According to the present invention there is provided a method of forming a uniform coating comprising at least two coating constituent substances on a vitreous support by spraying the support while in heated condition with coating precursor substances to form said coating by pyrolysis, characterised in that at least one coating precursor substance is sprayed separately from the or at least one other such precursor substance, in that such separately sprayed precursor substances are sprayed over substantially coextensive areas of the support to form a uniform coating thereon and in that at least one of them is sprayed in aqueous solution.

The present invention accordingly substantially avoids risk of premature reaction between the separately sprayed coating constituent precursor substances, and this has the indirect effect that those substances may be sprayed in greater concentrations than has hitherto been possible and thus the coating can be formed at a higher build-up rate. The invention also allows greater latitude in the selection of coating precursor substances. For example by making use of the present invention it is possible to use precursor substances which, if mixed in a common solution, would react together, for example to throw down a precipitate, and even precursor substances for which there is no single solvent in which they are all sufficiently soluble for practical purposes.

In most preferred embodiments of the invention, said coating precursor substances are selected so as to give rise to a coating on the vitreous support which reduces the emissivity of the coated area in respect of infra-red radiation.

This gives a product which is commercially highly desirable for use in glazing windows, of buildings for example. Preferably, at least one said coating precursor substance is selected and sprayed so as to give rise to a minor additive coating constituent and such precursor substance or precursor substances is or are sprayed in aqueous solution.

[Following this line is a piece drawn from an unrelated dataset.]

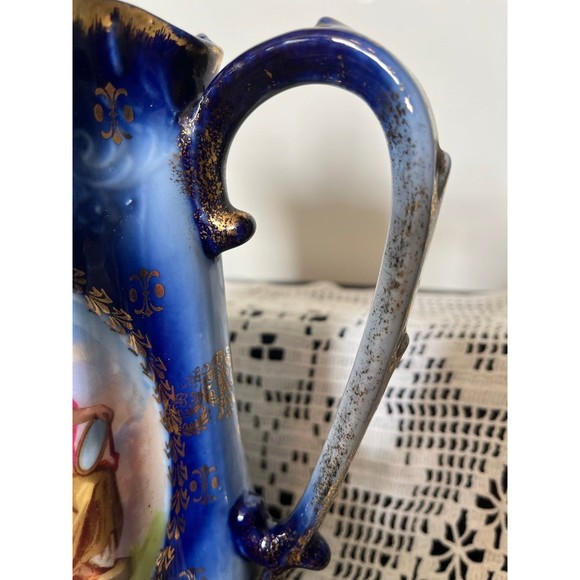 Signed Antique Victoria Carlsbad Pitcher with lid - Picture 3 of 7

In fact many of the additive precursors in view are soluble in water. Water is the least expensive and most universally available of all solvents.

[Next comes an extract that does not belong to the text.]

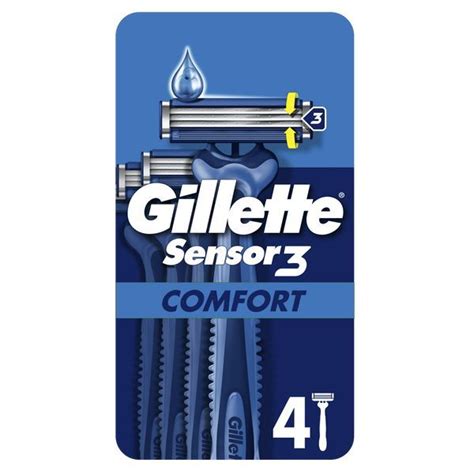 Gillette Sensor 3 Comfort Men S Disposable Razors X4 Mens Superdrug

In some preferred embodiments of the invention, a said coating precursor substance is selected and sprayed so as to give rise to a main coating constituent, and such precursor substance is sprayed in a solvent which comprises water. It is however preferable not to use too large an amount of water especially when spraying the main coating constituent precursor substance in view of its latent heat of evaporation and the consequent loss of heat from the vitreous support as the sprayed solvent is vaporised on contact with the support. Accordingly, in the most preferred embodiments of the invention a said coating precursor substance is selected and sprayed so as to give rise to a main coating constituent and such precursor substance is sprayed in a solution which comprises an organic solvent. The organic solvent may be used alone or in some cases, in admixture with water.The organic solvent may be chosen for various properties apart from its capacity to dissolve the or a main coating constituent precursor substance. For example, the organic solvent may be chosen from those which have a lower surface tension than water. This facilitates the formation of smaller droplets in the spraying process and this promotes a more uniform coating on the support. The organic solvent may be chosen from those which have a lower specific latent heat of evaporation than water in relation to their capacity to dissolve the main coating precursor substance. In this way, evaporation of the solvent on striking the support will remove less heat energy from the support. Indeed, the organic solvent may be chosen from those which react exothermically at or below the temperature of the heated support so that heat energy is in fact released.Methanol satisfies all three of these desiderata in respect of the coating precursor substances particularly in view and is an especially preferred solvent for use in the present invention.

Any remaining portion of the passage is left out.